Selling Your Merchant Portfolio Or ISO What’s My Attrition?
One of the most important attributes of your merchant processing portfolio that is considered by buyers when you go to sell your merchant portfolio or merchant processing ISO is attrition. Strangely enough, this attribute is not something that most owners of merchant processing portfolios (so I have found) understand correctly. Attrition by definition is a gradual reduction or loss. As it pertains to your merchant portfolio, attrition is the gradual reduction or loss of what can be merchant accounts, number of transactions, sales volume, and/or revenue (residual) over a specified period of time, and the rate of this loss is crucial to both merchant portfolio valuation (if you are selling) and merchant portfolio maintenance (if you are still building).

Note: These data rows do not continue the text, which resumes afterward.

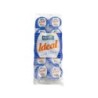 Leche evaporada ideal porciones de 7,5 gr envase de 10 unidades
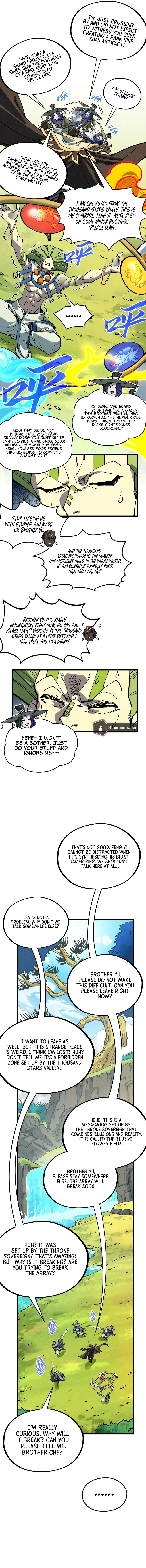 The Ancient Sovereign of Eternity Chapter 356 - Page 5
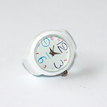 Часы-кольцо «Tiny» (белые)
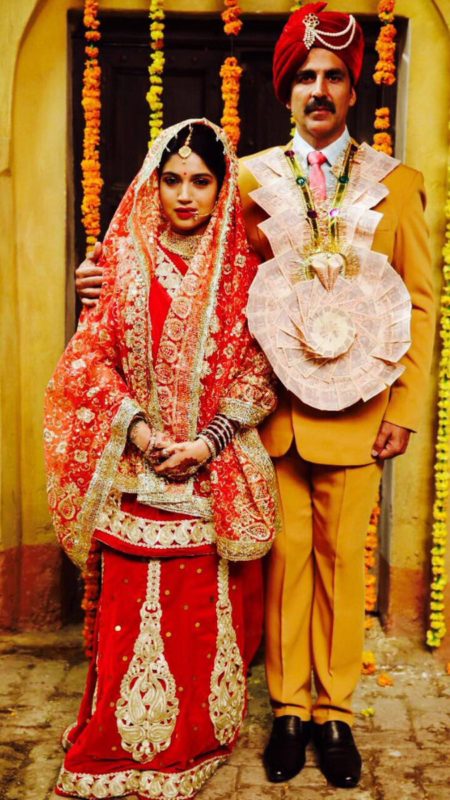 Akshay Kumar First Look in Toilet, Ek Prem Katha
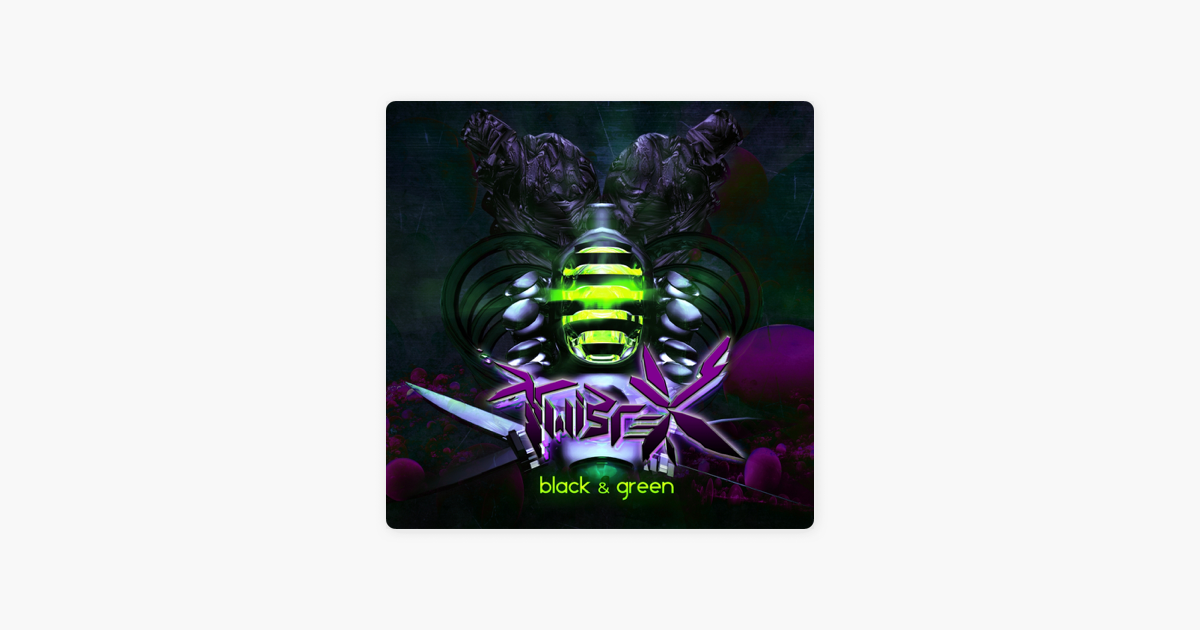 twistex black and green ep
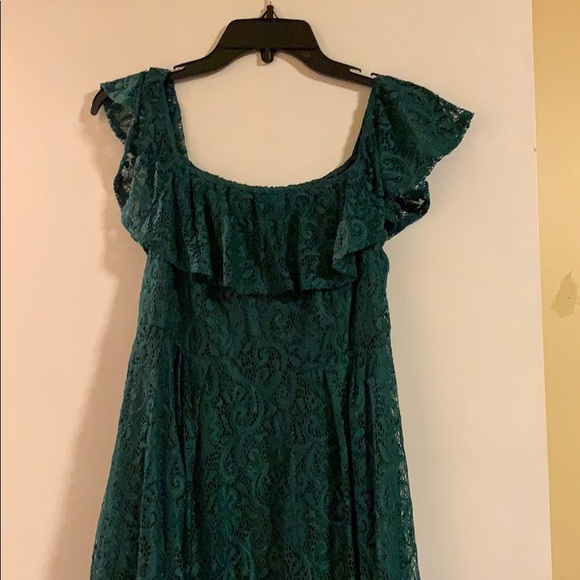 Mid knee length dress - Picture 3 of 4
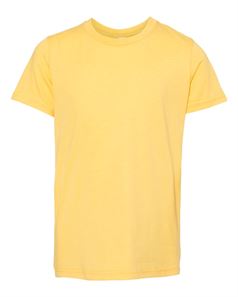 preview image of Bella + Canvas 3001Ycvc Youth Short Sleeve Crewneck Jersey Tee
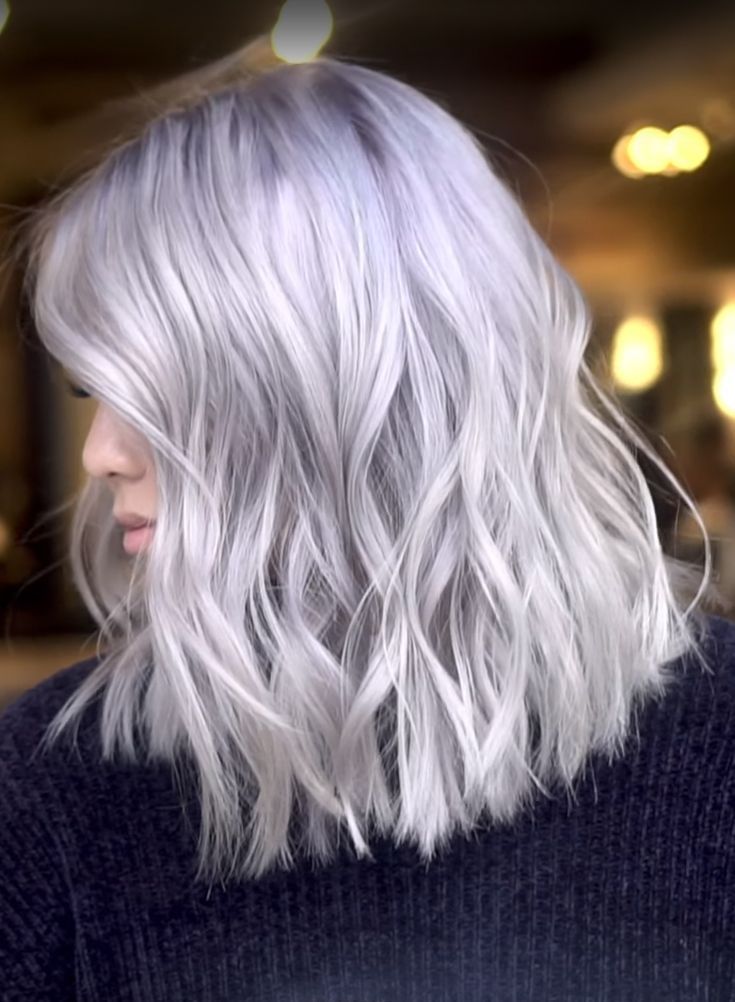 14 hair Gray blue ideas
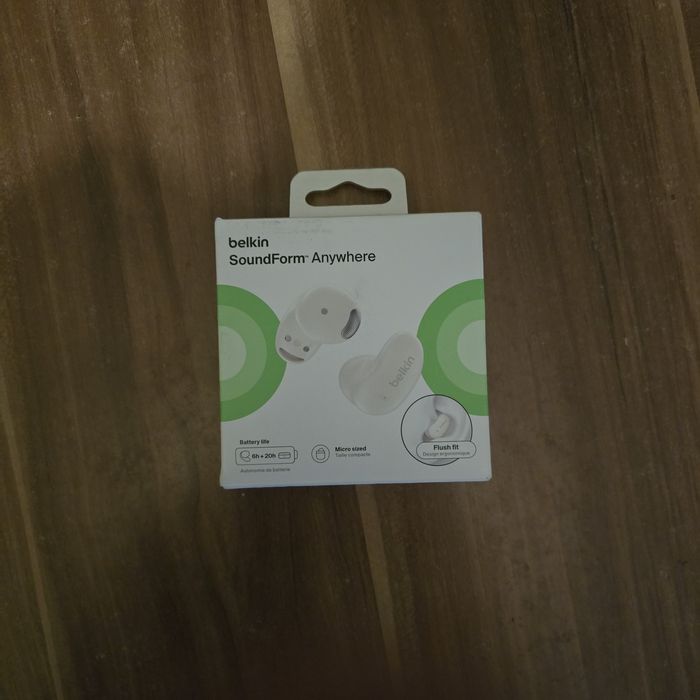 Słuchawki douszne belkin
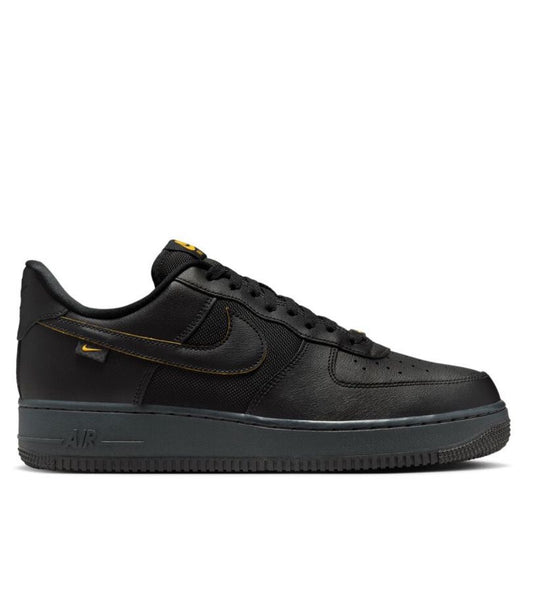 Air Force 1 '07 "Ballistic Mesh Black University Gold"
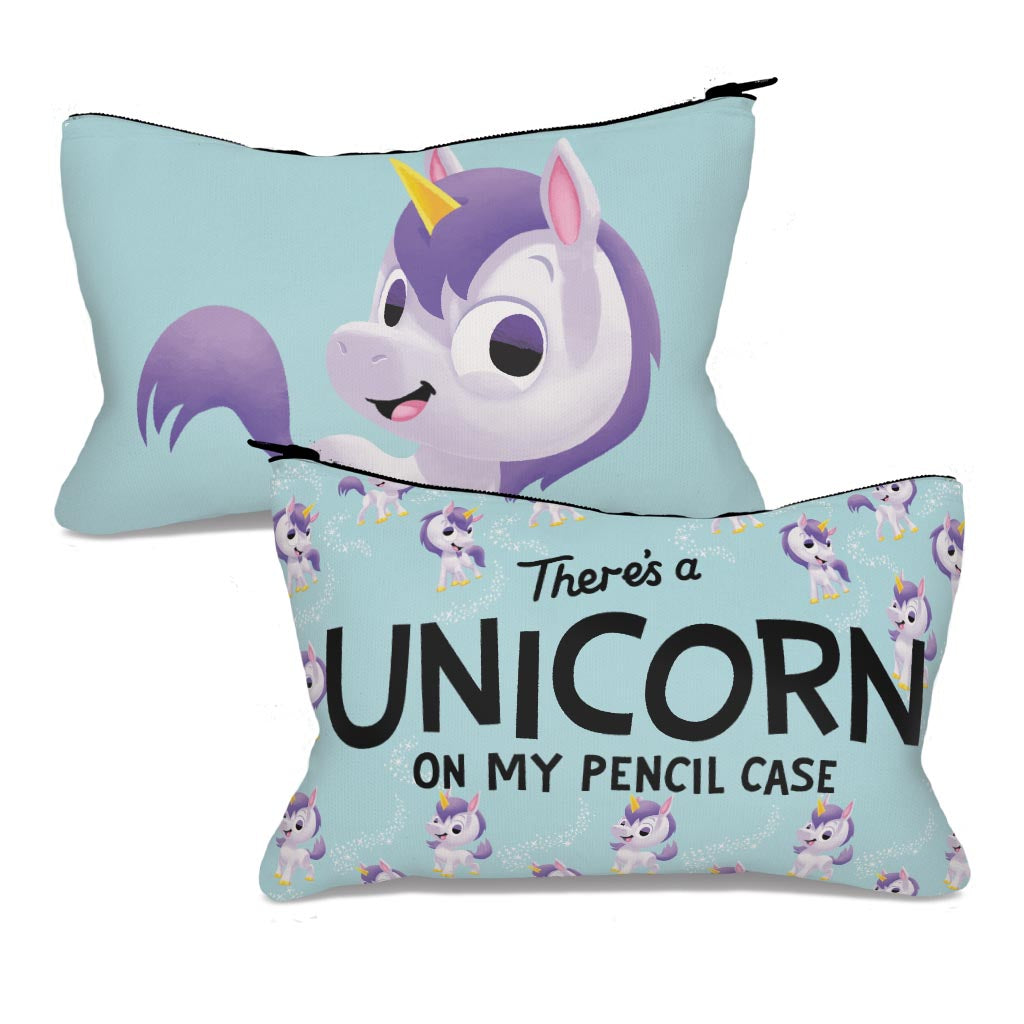 There's a Unicorn on My Pencil Case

How to calculate your attrition, what it tells you about your portfolio, and what significance do the different attrition categories have is something I’ll leave for future articles. However, I do want to clarify the biggest misconception about attrition that I come across from time to time, so owners who are selling their portfolio or ISO understand conceptually what’s being asked of them by a buyer when they inquire about the attrition on their book of business.
Here’s the scenario that comes up most frequently:
Let’s say you own an ISO or merchant portfolio and you’re losing 20 accounts per month, but you’re sales team is writing 20 deals a month to keep up with those losses. BECAUSE YOUR NET LOSS OF ACCOUNTS EACH MONTH IS ZERO, THIS DOES NOT MEAN YOUR ATTRITION IS ZERO. IT’S NOT. This misconception is a fundamental mistake a lot of owners make, and if you misrepresent it to a potential buyer when trying to sell, you could find yourself wasting a colossal amount of time for nothing. Your attrition in this example is 20 accounts because attrition is a measure of the loss over time EXCLUDING NEW BUSINESS. Your attrition rate (the more significant number) is the actual percent loss of accounts of the entire portfolio over this period of time (if you had 100 merchant accounts in your portfolio and lost 20 in one month, your attrition rate for that month would be 20%).
So, before you go to sell your merchant portfolio or ISO, understand what a potential buyer is asking you when they want to know the portfolio’s attrition / attrition rate. Not understanding and misrepresenting it could cost you a deal.